French worried over Ukrainian giga-poultry farms in Croatia

MHP wants to build 200 sheds housing 8 million chickens. Photo: Canva
MHP wants to build 200 sheds housing 8 million chickens. Photo: Canva

The French organisation for the poultry industry, Anzol, has ‘raised the alarm’ over plans by 2 Ukrainian companies to build giga-poultry farms in Croatia. The projects will add an annual production of 45 million birds to Croatia’s current production of 235 million.

Under pressure from poultry farmers, particularly in France, the EU recently re-introduced caps on the quantity of chicken that can be imported duty-free from Ukraine. However, those caps don’t apply to poultry produced by Ukrainian companies in an EU country. In other words, by building large-scale poultry farms in Croatia, they can fully profit from the free internal market.

“The projects in Croatia are undoubtedly going to lead to a wave of chicken that is raised in contradiction to the expectations of the consumer and to all the principes of the European Union. These birds, coming from a type of poultry farm that is non-existent in Europe, are a threat to French production and to the model of family farms in Europe. Moreover, low cost competition on the French national market will act as a further constraint on the food sovereignty of our country,” Anvol states.

Lead by oligarchs

The plans are develop by 2 large Ukrainian agro-companies, MHP and PCC, which, according to Anvol, are ‘lead by oligarchs’. MHP wants to build 200 sheds housing 8 million chickens. The fully integrated site also houses its own hatcheries, feed factory, slaughterhouses, workers’ accommodation and other facilities. The French organisation doesn’t give details on the other project.

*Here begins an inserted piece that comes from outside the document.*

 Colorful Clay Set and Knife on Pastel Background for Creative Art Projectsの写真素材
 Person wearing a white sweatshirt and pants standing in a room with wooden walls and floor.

On the eve of the European elections, Anvol asks the EU authorities as well as candidates for its Parliament not to allocate any European funds to these projects. The French organisation points out that since 2008, MHP has already received a total of €400 million from the European Development Bank for developments in Ukraine itself.

“These new projects are a far cry from the strategic orientations of the European Union with regard to agriculture, such as a reduction of the use of antibiotics and of CO2 emissions, as well as from the France family model with responsible farming and an engagement for a balanced renumeration of growers,” states Anvol. “From the production of feed, the hatcheries, the breeding, the slaughter of the animals and their processing, these companies concentrate all their activities and centralised them in one XXL location in order to maximally reduce production costs. By doing that, they will form a huge treat to the whole of the French poultry industry,” Anvol concludes.